▶ **Task to complete**
Reproduce the entries in full and exactly. Pictures stay out.

Pictures with short captions
——————
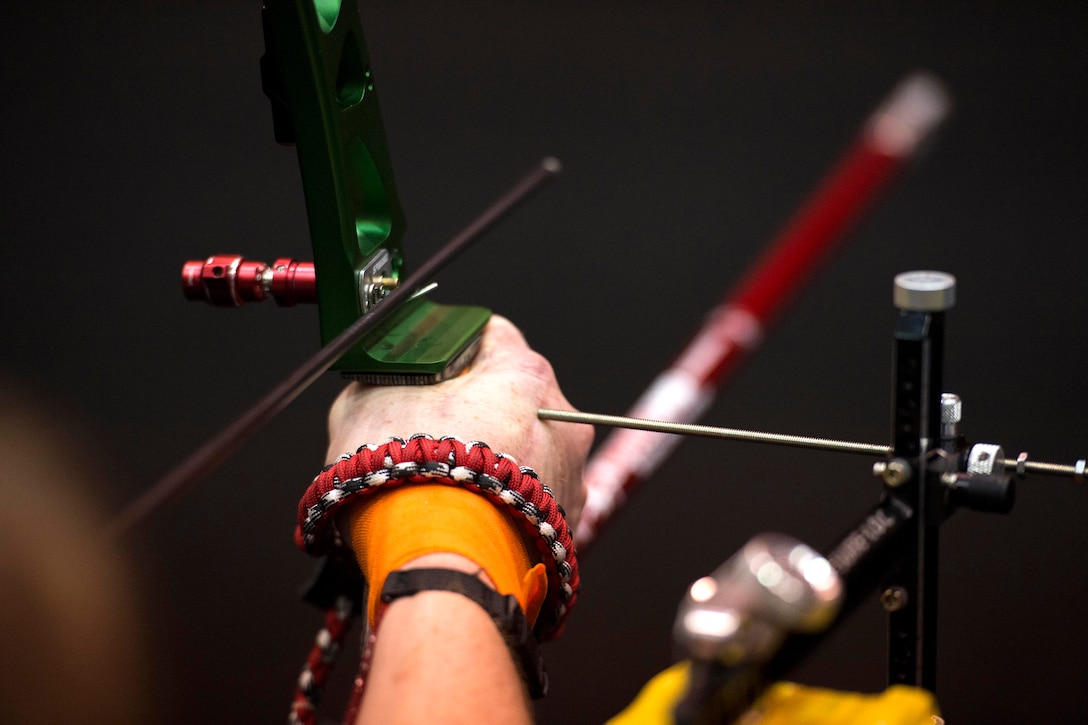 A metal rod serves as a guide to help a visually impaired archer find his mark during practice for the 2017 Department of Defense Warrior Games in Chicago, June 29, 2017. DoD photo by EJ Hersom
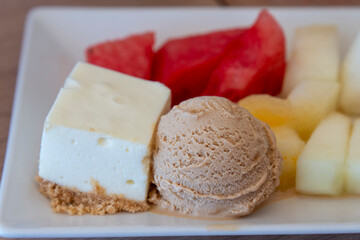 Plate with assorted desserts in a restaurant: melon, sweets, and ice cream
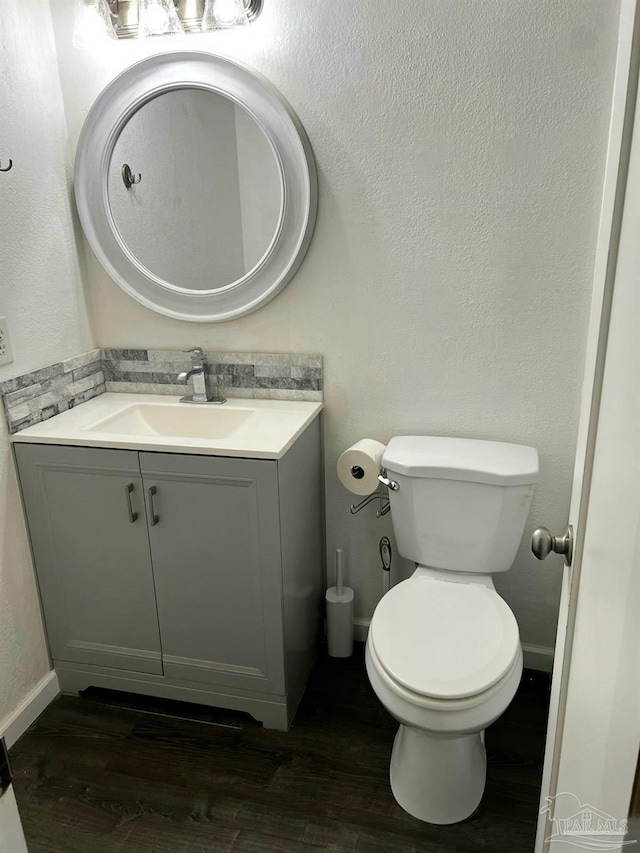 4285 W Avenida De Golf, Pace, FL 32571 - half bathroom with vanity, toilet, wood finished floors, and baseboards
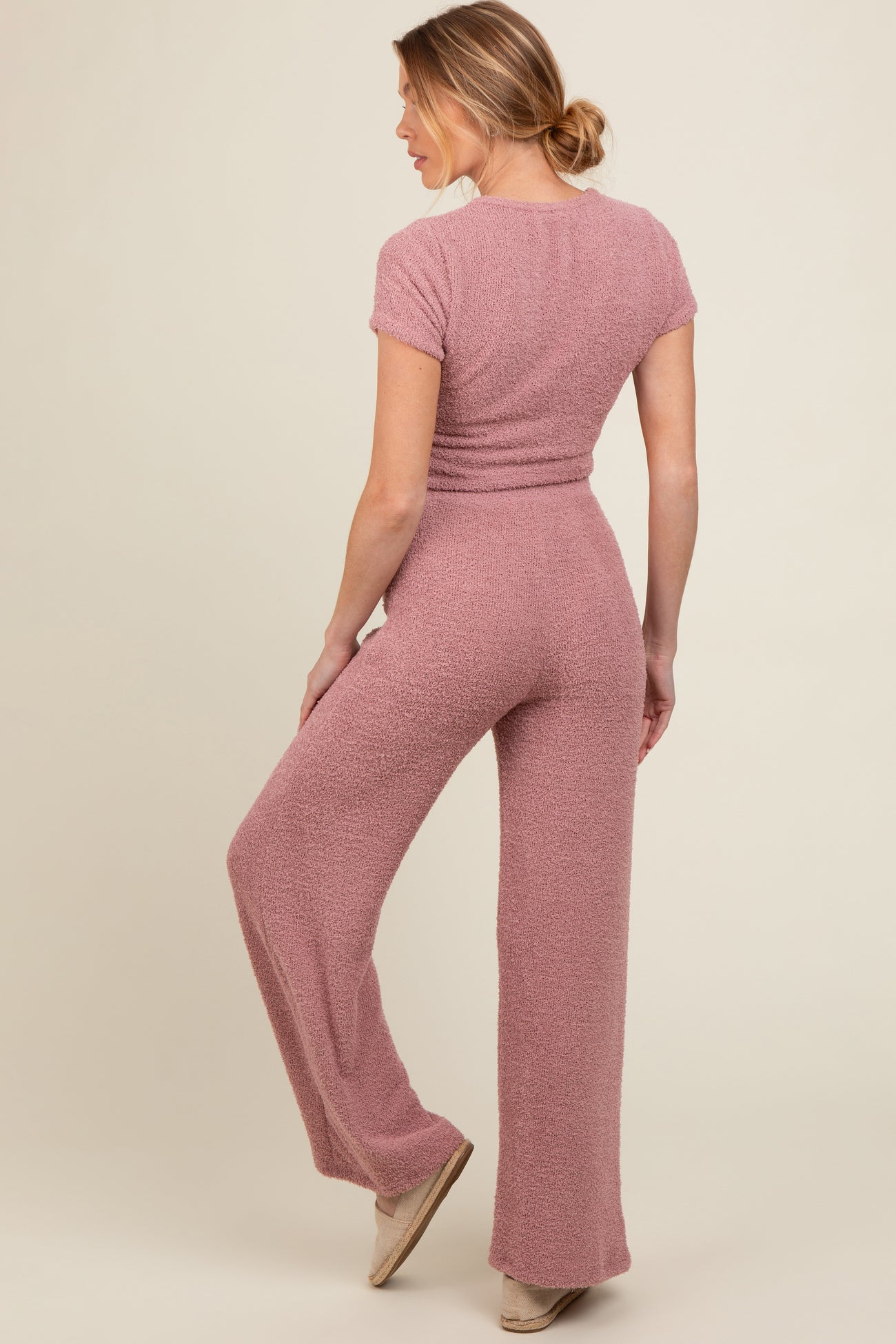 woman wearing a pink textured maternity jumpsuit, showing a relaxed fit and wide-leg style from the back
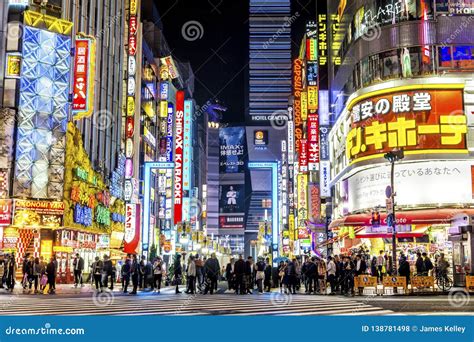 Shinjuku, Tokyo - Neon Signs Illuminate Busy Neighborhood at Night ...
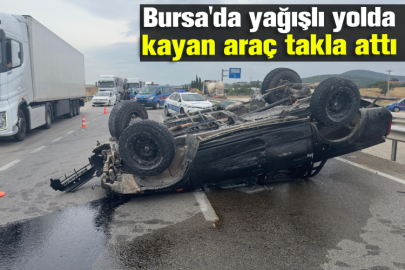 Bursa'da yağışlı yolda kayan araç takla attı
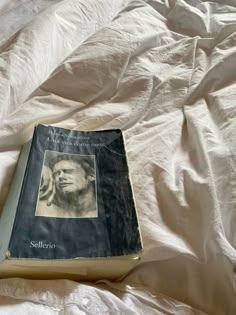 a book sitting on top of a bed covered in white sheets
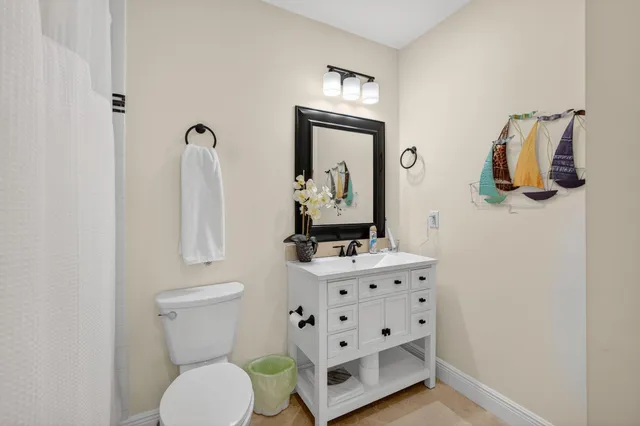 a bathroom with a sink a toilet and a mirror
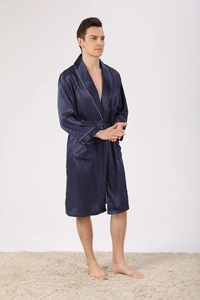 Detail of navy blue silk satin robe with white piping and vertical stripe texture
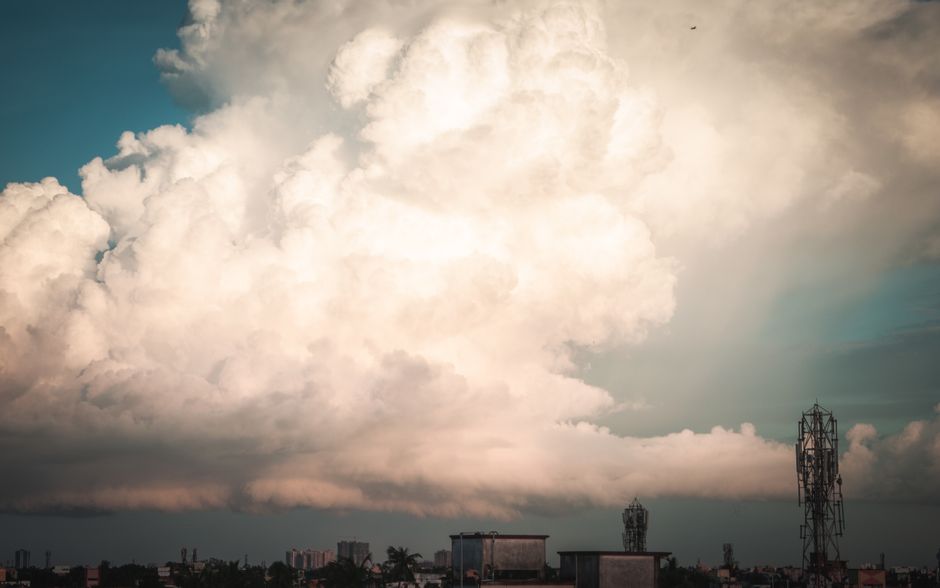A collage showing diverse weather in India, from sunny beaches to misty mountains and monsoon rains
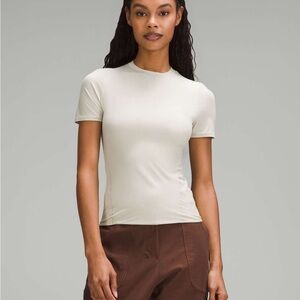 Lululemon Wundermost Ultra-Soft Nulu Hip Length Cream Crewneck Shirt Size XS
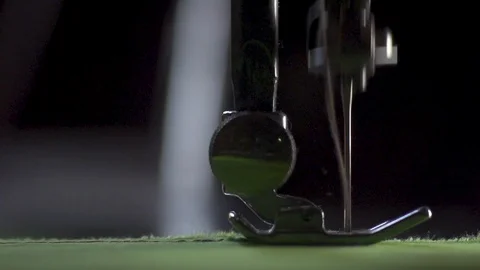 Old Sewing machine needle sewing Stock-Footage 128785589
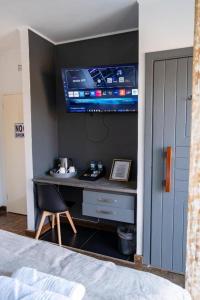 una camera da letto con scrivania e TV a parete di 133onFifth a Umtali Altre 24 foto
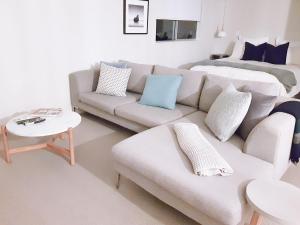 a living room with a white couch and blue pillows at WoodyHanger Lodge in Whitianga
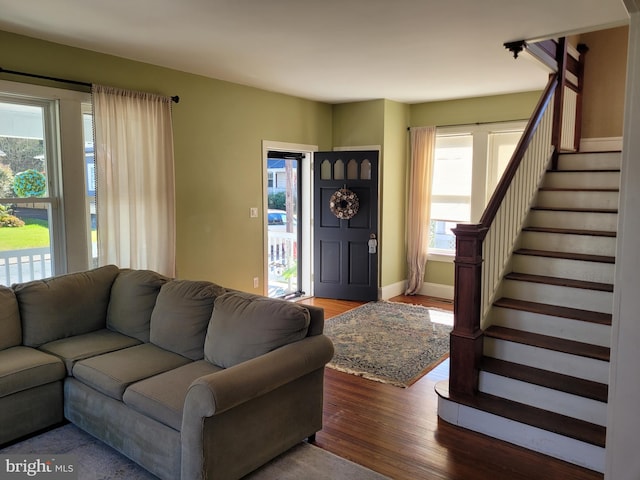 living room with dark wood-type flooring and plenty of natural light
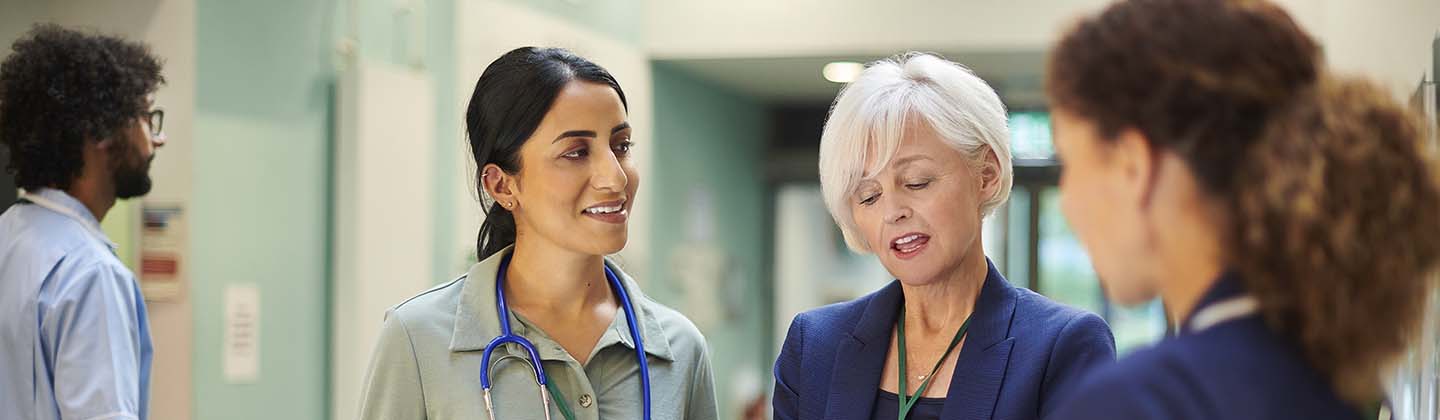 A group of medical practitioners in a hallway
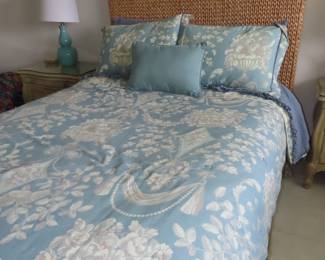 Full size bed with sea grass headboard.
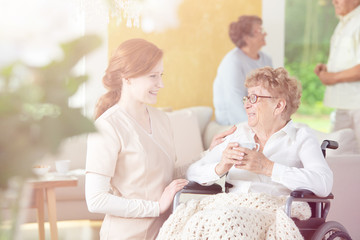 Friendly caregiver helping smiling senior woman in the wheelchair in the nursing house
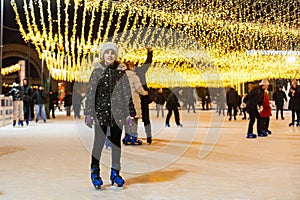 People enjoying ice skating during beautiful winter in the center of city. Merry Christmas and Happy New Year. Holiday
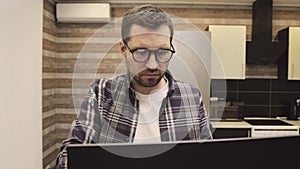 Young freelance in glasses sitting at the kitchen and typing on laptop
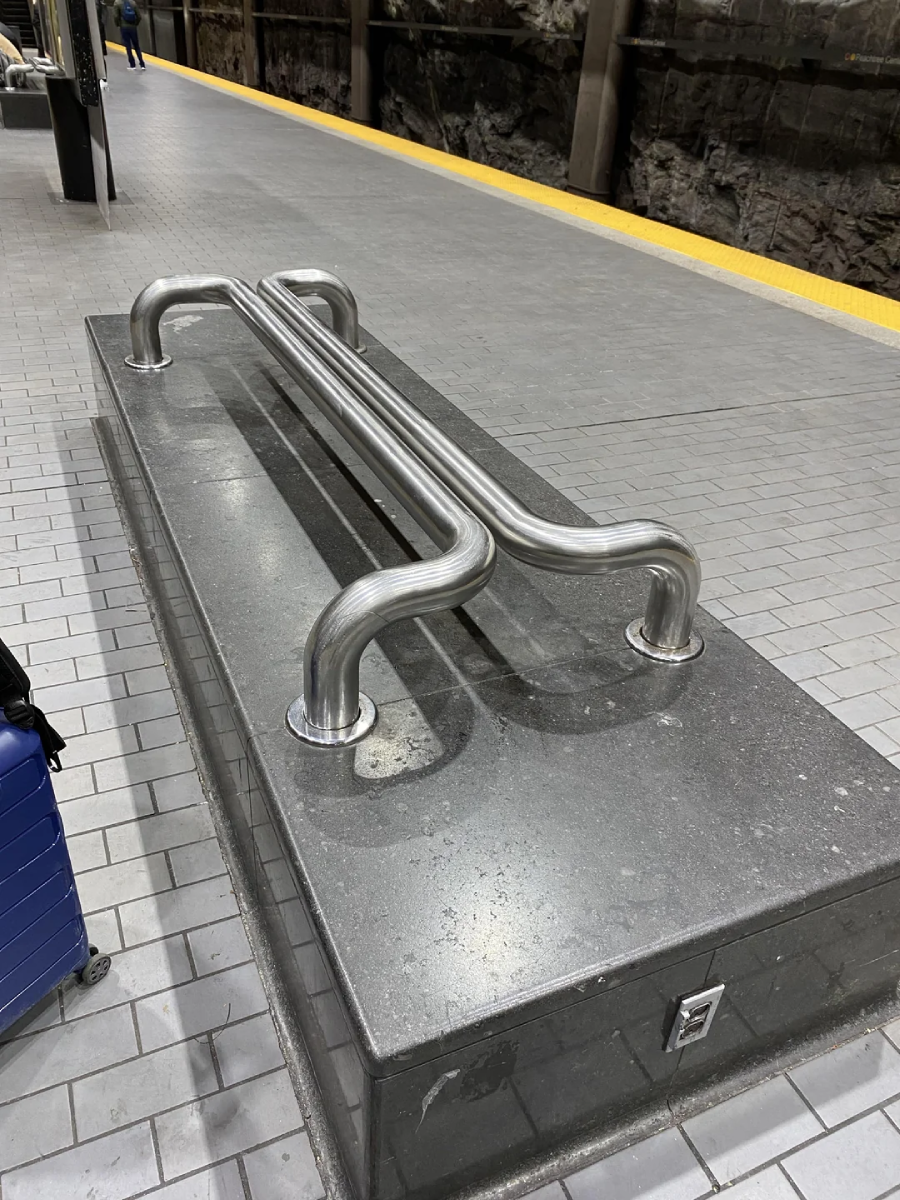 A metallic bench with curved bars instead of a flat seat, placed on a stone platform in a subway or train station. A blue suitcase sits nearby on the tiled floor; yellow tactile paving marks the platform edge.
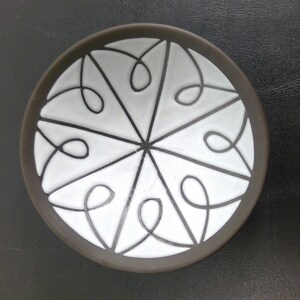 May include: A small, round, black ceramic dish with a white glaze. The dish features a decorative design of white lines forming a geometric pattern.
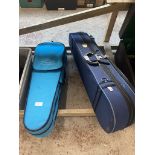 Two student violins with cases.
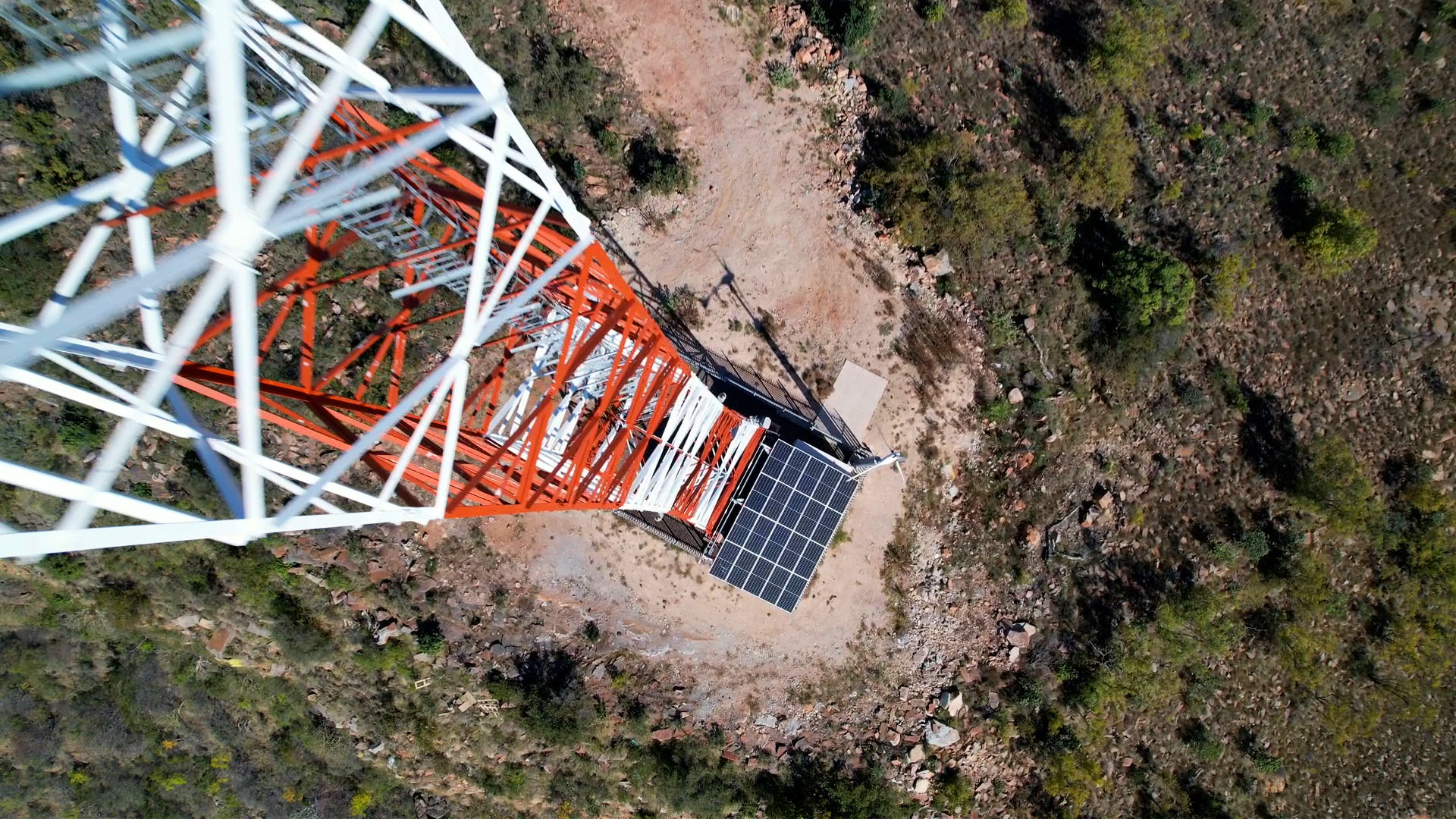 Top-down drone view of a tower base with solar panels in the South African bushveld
——————
▶ **Written reply**
 A metal rod serves as a guide to help a visually impaired archer find his mark during practice for the 2017 Department of Defense Warrior Games in Chicago, June 29, 2017. DoD photo by EJ Hersom
 Plate with assorted desserts in a restaurant: melon, sweets, and ice cream
 4285 W Avenida De Golf, Pace, FL 32571 - half bathroom with vanity, toilet, wood finished floors, and baseboards
 woman wearing a pink textured maternity jumpsuit, showing a relaxed fit and wide-leg style from the back
 Shinjuku, Tokyo - Neon Signs Illuminate Busy Neighborhood at Night ...
 Bursa'da yağışlı yolda kayan araç takla attı
 a book sitting on top of a bed covered in white sheets
 a bathroom with a sink a toilet and a mirror
 Detail of navy blue silk satin robe with white piping and vertical stripe texture
A collage showing diverse weather in India, from sunny beaches to misty mountains and monsoon rains
 Lululemon Wundermost Ultra-Soft Nulu Hip Length Cream Crewneck Shirt Size XS
 Old Sewing machine needle sewing Stock-Footage 128785589
 una camera da letto con scrivania e TV a parete di 133onFifth a Umtali Altre 24 foto
 a living room with a white couch and blue pillows at WoodyHanger Lodge in Whitianga
 living room with dark wood-type flooring and plenty of natural light
 A group of medical practitioners in a hallway
 Full size bed with sea grass headboard.
 Friendly caregiver helping smiling senior woman in the wheelchair in the nursing house
 People enjoying ice skating during beautiful winter in the center of city. Merry Christmas and Happy New Year. Holiday
 Young freelance in glasses sitting at the kitchen and typing on laptop
 A metallic bench with curved bars instead of a flat seat, placed on a stone platform in a subway or train station. A blue suitcase sits nearby on the tiled floor; yellow tactile paving marks the platform edge.
 May include: A small, round, black ceramic dish with a white glaze. The dish features a decorative design of white lines forming a geometric pattern.
 Two student violins with cases.
 Top-down drone view of a tower base with solar panels in the South African bushveld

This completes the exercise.